I am high risk!
These days
I seem to stumble into various compliance issues wherever I turn. It is like it
has all exploded – it is in everything – it is everywhere.
It actually
makes me a bit grumpy. Not that the talk is about compliance issues (that is
actually an interesting and challenging topic) – but the fact that the
discussions around it seems to be totally “locked” – it is like everybody is
saying the same thing over and over again (regardless if it is true) – and only
rarely I find any structured approach to the issue.
So for
example when the talk hits compliance – and it is related to the trade finance
products – one of the first comments you will hear is that “trade finance is
high risk” …. When I ask why trade finance is high risk, I am told that it is
because of the complex nature of the products and the exotic markets and
countries involved in the trade finance transactions.
I have so
many comments to this statement I am not even sure where I shall end and begin.
But let me try to touch upon some of the main points:
I guess it
is fair to say that the trade finance products are “complex” to the people that
do not know them.

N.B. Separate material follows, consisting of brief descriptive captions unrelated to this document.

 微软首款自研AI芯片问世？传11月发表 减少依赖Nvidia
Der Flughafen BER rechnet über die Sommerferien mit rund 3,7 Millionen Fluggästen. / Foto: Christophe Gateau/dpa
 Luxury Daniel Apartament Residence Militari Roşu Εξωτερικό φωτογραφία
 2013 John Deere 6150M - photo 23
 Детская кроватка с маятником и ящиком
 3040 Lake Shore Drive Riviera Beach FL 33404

But for the people working with trade finance they are not
complex. There may well be single transactions with a complex structure.
I argue
that the trade finance products are not as such complex. They are like everything
else. If you know it: Piece of cake! If not … piece of complex cake ….
Exotic
markets? I guess that depend on how you define an “exotic” market or country.

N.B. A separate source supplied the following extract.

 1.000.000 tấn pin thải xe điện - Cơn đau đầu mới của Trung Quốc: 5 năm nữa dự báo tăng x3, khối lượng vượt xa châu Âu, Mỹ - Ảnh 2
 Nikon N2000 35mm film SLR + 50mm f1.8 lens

It is fair to say that trade finance is normally used when the counterpart is
in a market far away or different from your own. I.e. you want to migrate your
counterparty risk.
What is
important however is that the products that trade finance is compared to, also
has no limitation in terms of market. One can make a clean payment from
basically everywhere to basically everywhere.
So the fair
statement is that SOME trade finance transactions involve a country that may be
defined as “high risk” – for example based on the “Corruption Perceptions Index
2013” (http://cpi.transparency.org/cpi2013/results/)
But on the
other hand, so does SOME clean payments!
Then comes
the statement of trade finance being “high risk” in terms of commercial crime.
This seems to be a well-accepted fact! However I still have not seen any
evidence supporting this fact. What I have seen for example is the statistics from
the ICC Trade Register. From this you can – as an example – see that the
transaction default rate for confirmed export LCs is 0,016% - indicating that
it is NOT high risk confirming LCs. The same figure for issuing LCs is 0,020%.
I.e. same level.
I know of
course that the data in the ICC Trade Register is not directly aimed against
commercial crime risk within trade finance. However – it does give an
indication of a very LOW RISK product area.
(More
information on the ICC Trade Register here: http://www.iccwbo.org/Products-and-Services/Trade-facilitation/ICC-Trade-Register/)
Then of
course the counter argument is that there is an AML and CTF risk – i.e. the
risk of trade finance products being used for illegal purposes – like
laundering money. These cases may never be detected because no one within the
trade finance transaction looses money.
That of
course is a fair argument – but it is equally fair if applied to the cash
management products. Here you can actually argue that the AML/CTF risk in terms
of trade finance products is lower than the cash management products. Let me
elaborate:
Within
trade finance you normally have a rather good overview of the transaction as a
whole. For example the issuing bank have made their customer due diligence,
they will have the LC application – outlining the transaction (including
counterpart, goods and other details of the transaction). Once the documents
are presented the bank will have the full documentation of the transaction;
i.e. have the possibility to check against red flags, sanction lists etc.
Taking the
same example on a clean payment, what the bank will see is the party sending
the money, the party to receive it as well as the amount. In other words – the
bank will not see the underlying transaction, and have very little chance of
detecting foul play.
The
argument is NOT that since you see the trade documentation in trade finance
transactions there is NO risk! Of course there is a risk – the point is that it
is NOT correct to argue that the risk increases because you actually see the
documentation. Logically it may be the other way around.
One may
even question how suitable the trade finance products are for – for example –
anti money laundering. The fraudsters would need to set up a company – that
looks “real” in both ends of the transaction. And more than that they would
need to be able to “cheat” the banks customer due diligence. Then they would
need to “construct” trade finance transactions that looks real … and as said in
the beginning – if you do not know trade finance it may be complex – just
getting the terminology right may be hard. Last but not least trade finance
leave a long paper trail – which is not desirable for a fraudster. I am not
saying that it does not happen. It does! I am only saying that it is not likely
that the trade finance products are the first choice …
Further on
the issue of trade finance being high risk – I have found some quotes that I
want to share with you:
In
exercising its implementing powers [..] the commission should respect [..] the
balance of costs and benefits on a long-term basis in any implementing measures
(EU Directive 2005/60EC)
Trade Based
Money Laundering provides an important avenue for disguising funds of illicit
origin and for moving value to finance illegal activities
(APG Typology Report)
It does not
however believe that currently there is sufficient evident to support an
assessment of this area as high risk for AML/Sanctions purposes.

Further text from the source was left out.